Using cloud computing brings great experiences for companies that need to build software systems. On one hand, cloud computing platforms like AWS provide virtual computers for users, which can be rented for building software systems on the platform, saving users from purchasing extra computers. On the other hand, AWS also provides such commonly used components as message queues, databases, and storage, which makes the construction easy. Ever since 2010, demands for cloud computing have become stronger alongside the exponential growth of Internet companies. All the Internet companies need to build their own software systems as their businesses are based on software, and they crave for higher responsiveness and cost-effectiveness. Therefore, cloud computing is their best choice. It can be verified by the AWS financial statements: in 2006, AWS’s revenue was only USD21 million, but soared to over USD150 billion in 2021, as the rise of the Internet and higher enthusiasm of global companies for digitization transformation, and Amazon’s market capitalization peaked accordingly, approaching USD2 trillion.

aws

With cloud computing implemented in massive companies, problems are also popping up, and the issue of cost is the most critical one. After building their software based on cloud services provided by cloud vendors, a lot of Internet companies come to realize that doing so costs much more than buying servers as they previously did. Paying for server hardware is a one-time fee and while paying for cloud services is on a time basis. For example, an octa-core 16 GB hardware server costs about RMB17,000 [58], but renting an octa-core 16 GB cloud server from a cloud computer provider costs RMB18,000 per year [59], broadly flat with the price for buying a hardware one. To address this issue of cost and make companies enjoy dividends in cloud computing, cloud native emerged in such a background. It is not only a type of techniques but also a concept which allows users to build software systems using cloud computing by its native means. The cloud computing should be scalable, and runs on demand. The cloud-based software runs only when it is needed, according to the vision of cloud computing. For instance, a website would rather not run when it has no visitors while activating larger clusters to support massive access when a vast number of users visit it. Since virtual machines are billed based on usage, for websites based on virtual machines, if they continue to run when there is no user access, they still must pay. Therefore, it would be best that there is a technique with which companies can build software according to the visits. Serverless is such a technique that provides company users with the key capability of using cloud computing natively, i.e., the software only runs while in need.
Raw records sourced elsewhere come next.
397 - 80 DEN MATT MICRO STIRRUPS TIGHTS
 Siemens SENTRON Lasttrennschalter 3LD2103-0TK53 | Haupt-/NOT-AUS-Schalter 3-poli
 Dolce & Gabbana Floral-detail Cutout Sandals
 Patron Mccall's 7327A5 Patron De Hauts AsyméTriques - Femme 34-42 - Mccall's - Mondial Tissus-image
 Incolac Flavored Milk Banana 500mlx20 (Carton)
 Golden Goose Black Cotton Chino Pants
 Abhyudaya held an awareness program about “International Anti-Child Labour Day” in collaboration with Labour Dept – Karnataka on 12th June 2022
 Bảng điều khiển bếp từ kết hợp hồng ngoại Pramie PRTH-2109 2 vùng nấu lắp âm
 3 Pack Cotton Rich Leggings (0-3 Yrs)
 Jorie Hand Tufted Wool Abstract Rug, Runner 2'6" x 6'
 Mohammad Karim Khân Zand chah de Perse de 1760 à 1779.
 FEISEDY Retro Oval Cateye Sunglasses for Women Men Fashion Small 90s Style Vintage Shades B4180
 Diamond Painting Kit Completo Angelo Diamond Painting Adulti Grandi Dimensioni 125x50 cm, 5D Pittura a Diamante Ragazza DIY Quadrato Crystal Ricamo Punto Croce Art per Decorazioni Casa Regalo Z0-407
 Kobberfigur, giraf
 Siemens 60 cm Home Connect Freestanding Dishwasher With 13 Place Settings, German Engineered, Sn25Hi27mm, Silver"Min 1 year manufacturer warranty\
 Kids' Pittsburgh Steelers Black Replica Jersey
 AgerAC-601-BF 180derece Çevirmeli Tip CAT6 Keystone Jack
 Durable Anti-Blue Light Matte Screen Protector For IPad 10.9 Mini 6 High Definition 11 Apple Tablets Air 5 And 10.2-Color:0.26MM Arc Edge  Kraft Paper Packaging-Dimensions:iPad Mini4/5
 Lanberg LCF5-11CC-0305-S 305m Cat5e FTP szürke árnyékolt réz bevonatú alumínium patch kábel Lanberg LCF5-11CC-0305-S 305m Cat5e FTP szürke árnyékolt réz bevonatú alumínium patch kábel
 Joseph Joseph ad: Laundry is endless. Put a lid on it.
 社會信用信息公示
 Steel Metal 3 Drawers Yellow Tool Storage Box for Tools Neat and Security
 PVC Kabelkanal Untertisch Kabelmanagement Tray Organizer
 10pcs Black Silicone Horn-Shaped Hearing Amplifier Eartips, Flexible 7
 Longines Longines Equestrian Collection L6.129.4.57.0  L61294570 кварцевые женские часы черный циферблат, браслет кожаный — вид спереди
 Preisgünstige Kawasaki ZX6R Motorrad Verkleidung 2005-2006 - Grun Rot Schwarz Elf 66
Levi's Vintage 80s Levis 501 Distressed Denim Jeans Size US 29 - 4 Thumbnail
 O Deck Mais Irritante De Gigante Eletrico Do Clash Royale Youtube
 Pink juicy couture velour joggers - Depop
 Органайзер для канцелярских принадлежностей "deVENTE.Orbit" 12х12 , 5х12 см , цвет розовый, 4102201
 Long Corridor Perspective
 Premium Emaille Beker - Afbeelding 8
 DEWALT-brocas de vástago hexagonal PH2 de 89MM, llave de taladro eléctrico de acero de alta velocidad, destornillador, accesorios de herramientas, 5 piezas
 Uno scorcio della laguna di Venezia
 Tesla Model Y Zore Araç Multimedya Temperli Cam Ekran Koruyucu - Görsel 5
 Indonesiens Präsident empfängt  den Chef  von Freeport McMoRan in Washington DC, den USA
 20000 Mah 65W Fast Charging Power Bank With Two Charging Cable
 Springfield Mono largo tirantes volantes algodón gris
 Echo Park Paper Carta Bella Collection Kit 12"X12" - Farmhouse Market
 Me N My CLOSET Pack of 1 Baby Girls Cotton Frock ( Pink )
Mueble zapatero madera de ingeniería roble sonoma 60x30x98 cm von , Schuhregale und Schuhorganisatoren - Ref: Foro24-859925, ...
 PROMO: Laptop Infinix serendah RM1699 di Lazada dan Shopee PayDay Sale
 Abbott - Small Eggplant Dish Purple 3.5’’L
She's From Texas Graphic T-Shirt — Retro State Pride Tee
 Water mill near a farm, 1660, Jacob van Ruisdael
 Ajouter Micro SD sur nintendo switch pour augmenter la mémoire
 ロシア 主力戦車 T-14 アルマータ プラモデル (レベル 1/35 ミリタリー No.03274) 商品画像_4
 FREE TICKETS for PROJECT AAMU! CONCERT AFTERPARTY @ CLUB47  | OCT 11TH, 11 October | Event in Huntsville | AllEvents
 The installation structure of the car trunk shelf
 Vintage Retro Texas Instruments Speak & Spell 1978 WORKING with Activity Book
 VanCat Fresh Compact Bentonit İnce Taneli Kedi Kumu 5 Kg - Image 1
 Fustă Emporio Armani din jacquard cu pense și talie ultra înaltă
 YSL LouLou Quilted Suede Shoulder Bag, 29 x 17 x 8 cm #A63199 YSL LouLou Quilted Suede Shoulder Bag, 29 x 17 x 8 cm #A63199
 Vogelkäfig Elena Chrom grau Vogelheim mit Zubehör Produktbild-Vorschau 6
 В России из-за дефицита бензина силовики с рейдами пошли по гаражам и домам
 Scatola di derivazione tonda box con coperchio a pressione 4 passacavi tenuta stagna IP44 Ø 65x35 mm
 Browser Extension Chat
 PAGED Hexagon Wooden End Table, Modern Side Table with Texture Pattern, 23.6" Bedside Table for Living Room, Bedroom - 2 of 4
The term “serverless” was put forward by Iron.io in 2012 [60], and just like cloud computing, products of serverless have already existed : Google released such a product back in 2008, called the Google App Engine [61]. As mentioned before, a technique attracts no attention until it is needed rather than created, which is the case for both microservices and serverless. Since Internet companies using cloud computing appealed for cost reduction, more and more of them adopted Lambda, a serverless product rolled out by AWS in 2014. After that, mainstream cloud computing providers including Azure and GCP also rolled out their serverless products. The University of California, Berkeley, which successfully forecasted the era of cloud computing, published another report, “Cloud Programming Simplified: A Berkeley View on Serverless Computing”[62], predicting that serverless is where cloud computing will go in the next decade. In the report, the definition of “serverless” is simply put as: serverless computing = FaaS (Function as a Service) + BaaS (Backend as a Service) and a serverless service must scale automatically with no need for explicit provisioning, and be billed based on usage. In 2020, half of AWS users adopted Lambda to build their business systems. According to a survey by Datadog, in 2021, the time that Lamdba was called increased by 350% compared with two years ago.

lambda

VI. In Future: A Brand New World

Even though the development of Serverless has come a long way, it is only the beginning. With its revolutionary modes of operation, serverless has led to tremendous changes in software architecture and brought great opportunities and challenges to the building of software systems. It is bound to play a leading role in cloud computing over the next decade because its on-demand operation characteristics not only fulfill the commitment of cloud computing but also meet the essential user demand of bringing costs down and increasing efficiency. A new era is on the horizon. Let us examine some of the potential changes coming up.

1. In the Future, EDA will replace SOA to become the common design paradigm for software architecture

Event-Driven Architecture (EDA) [63] is nothing new. As stated earlier, technologies only get noticed when they are needed rather than created. No era needs EDA technology more than the Serverless Era. Owing to the on-demand operation characteristics of serverless, triggering a serverless program via EDA will become the most popular mode. Tracing back to the evolution of software architecture, the design paradigm based on Service-oriented Architecture (SOA) [64] has always taken the center stage, with Remote Procedure Call (RPC) being the default pattern of SOA-based software. Therefore, most of the communication among programs were synchronous. The emergence of serverless, however, makes it possible for asynchronous communication to rise to the top. The figure below is from the “The State of Serverless” report by Datadog in 2022 [65].

123

Among the top four services invoking Lambda functions, except API Gateway, three services namely SQS, EventBridge, and SNS all adopt asynchronous mode. It can be foreseen in the future that the message system will become the main trigger source of serverless, and it will become the new normal practice for enterprises to build software systems by using event-driven programming.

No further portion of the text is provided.